Although each model has been tested independently, to date the models have rarely been examined together. The purpose of this research is to examine the dimensions of communication behavior underlying each model and to test the theoretical interface among them in hopes of establishing a coherent, unified model of communication behavior.

Social Style Model

Over the past 30-plus years, social style has been used extensively to train managers and sales personnel to increase behavioral versatility through role shifting. This model has been the subject of extensive research and application in the private sector, as well as the focus of limited academic testing. A trainee is typically asked to have five coworkers or regular co-interactants complete an instrument (Snavely, 1992) to indicate the trainee's other-perceived social style. The trainee is taught to understand and accurately identify his or her social style and those of others. Ultimately, the participant learns how to alter his or her communication strategies to adapt to the styles of others.

The result of learning such strategies appears to be positive.
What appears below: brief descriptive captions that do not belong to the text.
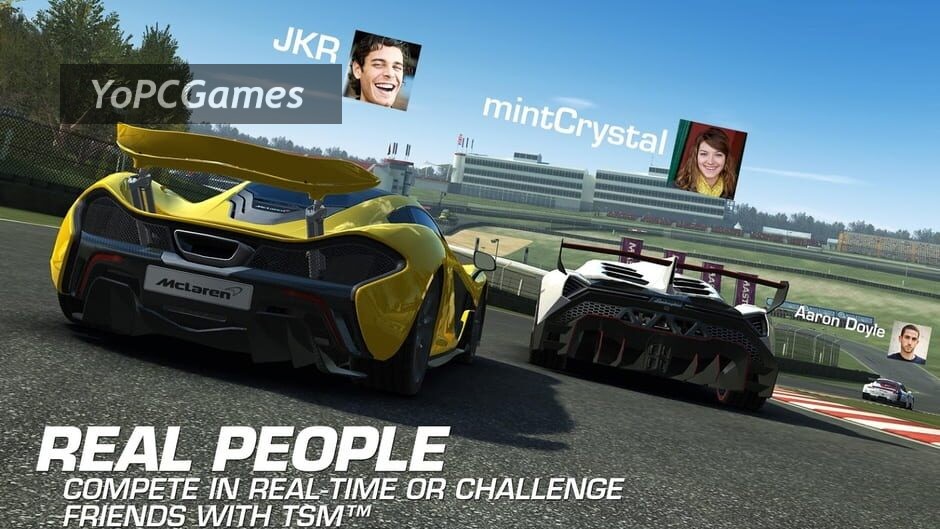 real racing 3 screenshot 5
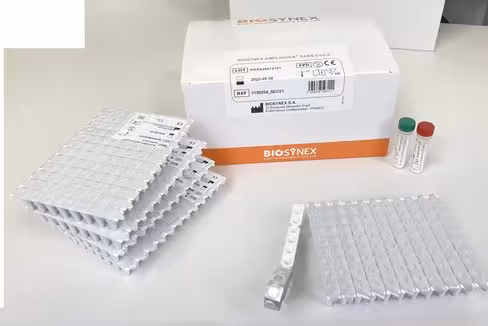 Test de diagnostic moléculaire in vitro destiné à la détection qualitative du SARS-CoV-2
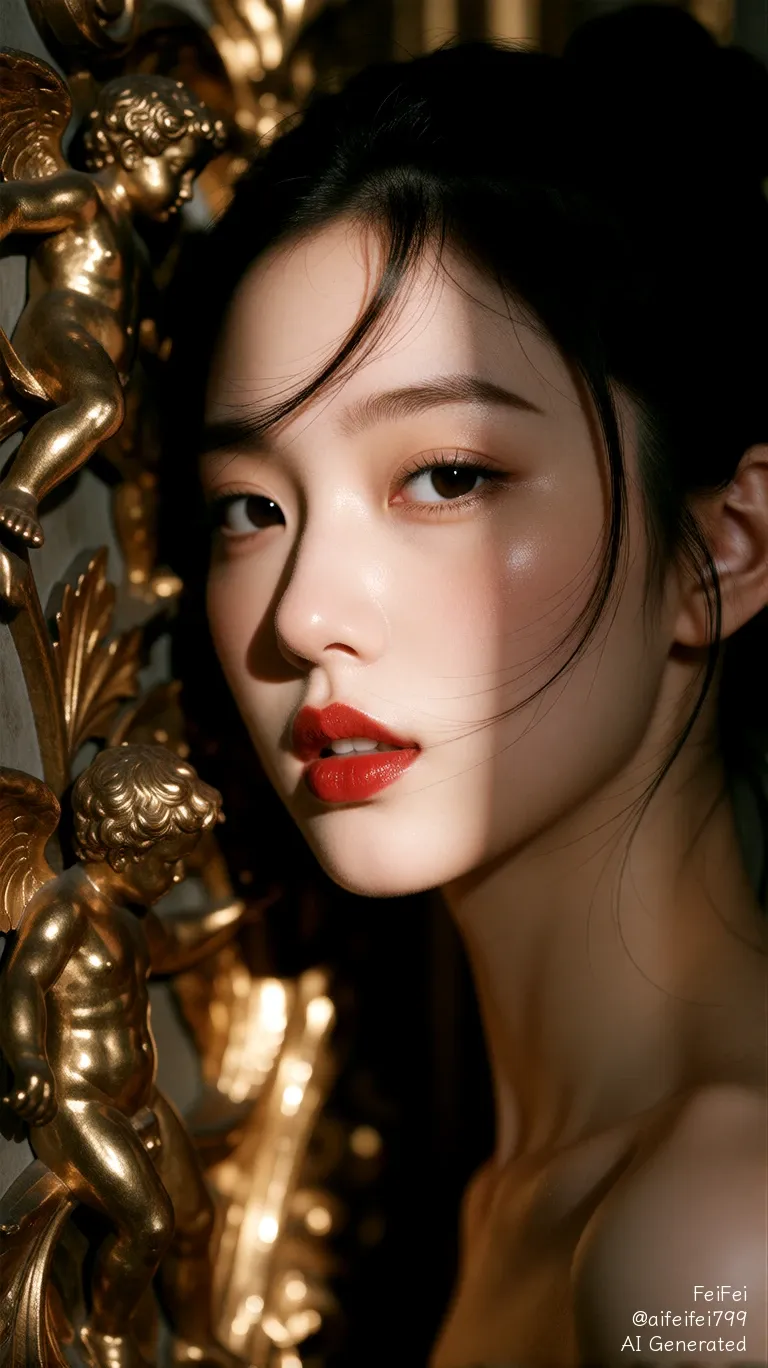 The Gilded Cage of Skin and Shadow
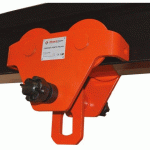 CHARIOT PORTE PALAN MANUEL 500 KG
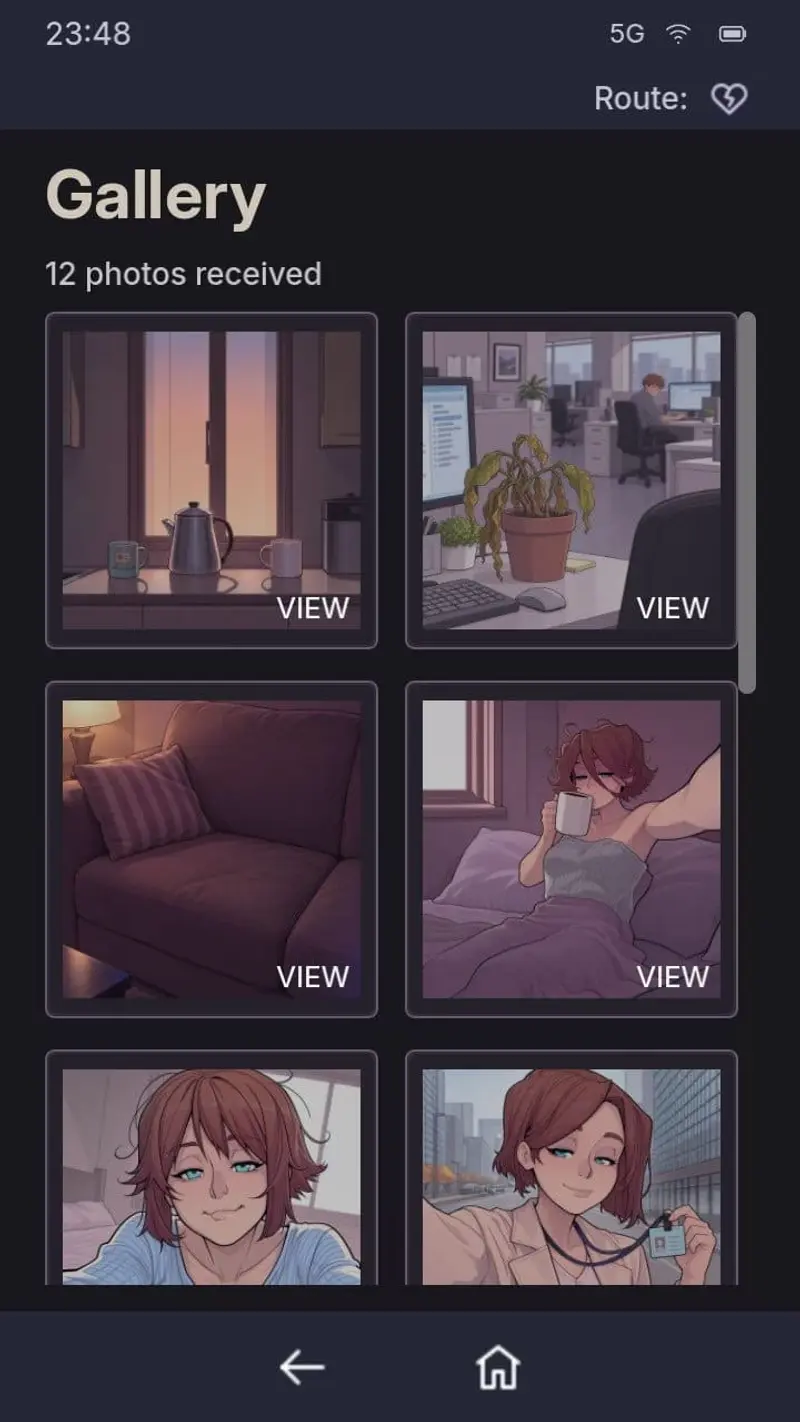 Eyes on Her Preview 7
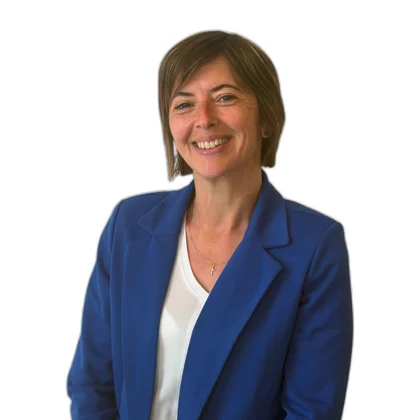 Portrait de Corinne LAMY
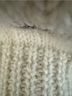 Talitha 100% Baby Alpaca Fair Isle Tan Brown White Gray Pullover Sweater Size XS - photo 9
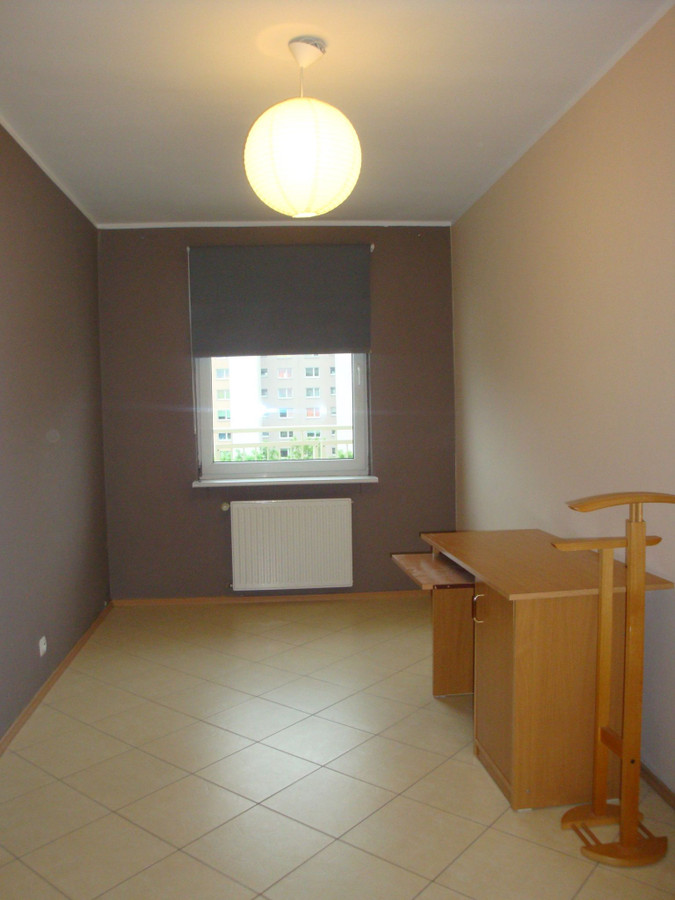 Apartment in Poznań, Osiedle Rusa, Rataje - Widok 4
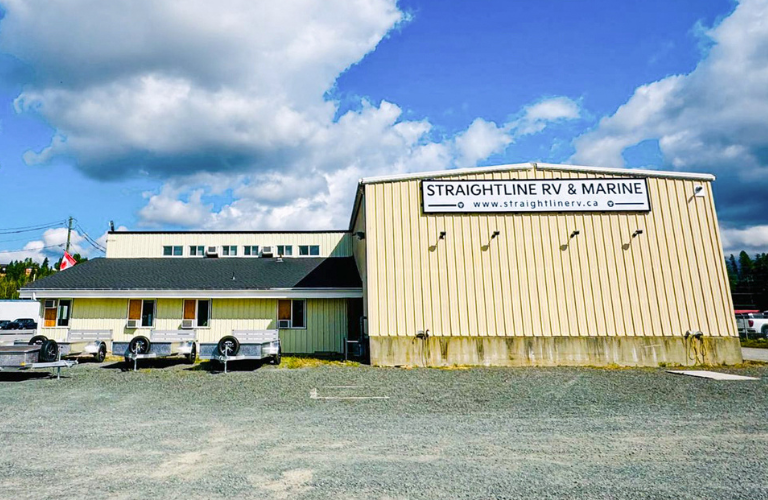 Straightline RV & Marine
Prince (1986) reported that "both formal and informal assessments have found that more productive and satisfying work relationships have resulted from the [social style] training" (p. 66).

The social style model was developed as a two-dimensional matrix descriptive of human interactive behavior (Buchholz, 1976; Buchholz et al., 1976; Merrill & Reid, 1981). V. J. Lashbrook and W. B. Lashbrook (1980) and Snavely and Waiters (1983) reported four underlying assumptions about human behavior that frame the concept of social style:

1. Humans develop relatively stable behavior patterns.

2. Humans form immediate impressions about others based on verbal and nonverbal behavior.

3. The way individuals behave toward one another is largely determined by their perceptions of each other.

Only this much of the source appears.